DOI: https://doi.org/10.21203/rs.2.12071/v2
Telomerase is a ribonucleoprotein complex that synthesizes repeat sequences to 3’ end of telomeres, maintain the length of chromosomes during cell divisions. Telomerase consists of RNA component subunit (Telomerase RNA, TR) and telomerase reverse transcriptase (TERT) catalytic subunit [1]. Mouse telomerase reverse transcriptase (mTERT) is an imperative protein component of the telomerase complex. The TERT is the principal determinant for telomerase activity, and telomere elongation is correlated with TERT expression [2-4]. There is a significant correlation between human telomerase activity and the expression levels of the gene that codes hTERT [5]. Telomerase undergoes reversible phosphorylation by forming a complex with various protein kinases [6]. This feature is necessary for modulation of telomerase activity and signal pathways.

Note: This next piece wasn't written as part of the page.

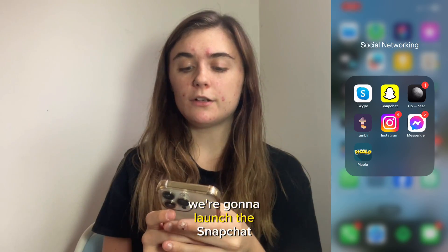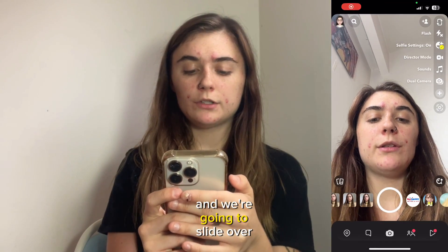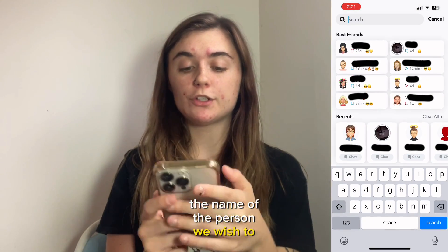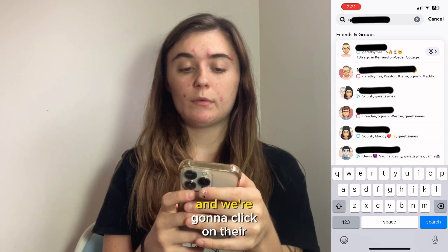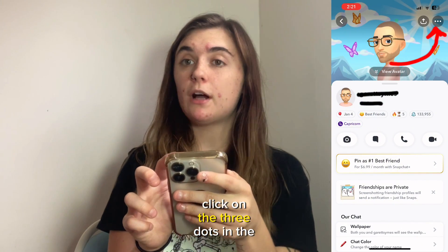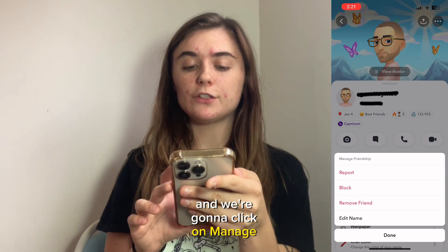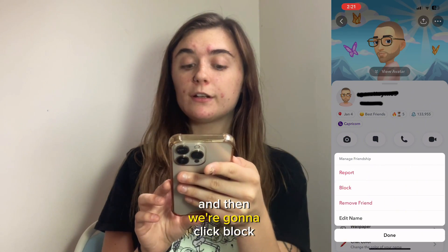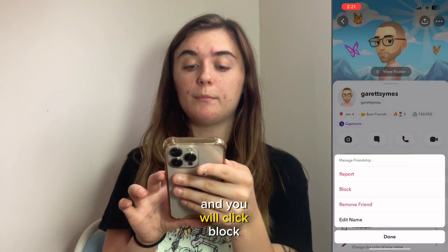So to start off, we're going to launch the Snapchat app and we're going to slide over and search the name of the person we wish to block. We're going to click on their profile photo, click on the three dots in the top right corner, and we're going to click on manage friendship. Then we're going to click block, and a confirmation will pop up and you will click block.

However, the regulation of telomerase activity is clearly undefined. Findings until now show that regulation of telomerase occurs in two ways: protein kinase C/B dependent activation and c-Abl dependent inhibition of the enzyme [7]. c-Abl has a role in the repair of these breaks during the control of telomere [8] and Bakalova et al. showed that activation of telomerase is suppressed by activation of c-Abl [9].
Abelson Tyrosine Kinase (c-Abl) is a non-receptor protein tyrosine kinase [10] that encodes a nuclear and cytoplasmic protein tyrosine kinase which has known be involved in processes of cell proliferation, differentiation, adhesion, and stress response [11, 12]. The c-Abl tyrosine kinase has a nuclear-import and a nuclear-export signal, in addition to presenting a nucleo-cytoplasmic shuttling during cell proliferation [13]. c-Abl protein tyrosine kinase is activated when double-strand DNA breaks are comprised [8]. The nuclear isoform of c-Abl orchestrates cell cycle during G1-S transition and relations with several proteins involved in DNA repair as a response to oxidative stress or ionizing radiation [12] besides regulating cytoskeletal structure, cell division, cell growth, and cell proliferation [14, 15].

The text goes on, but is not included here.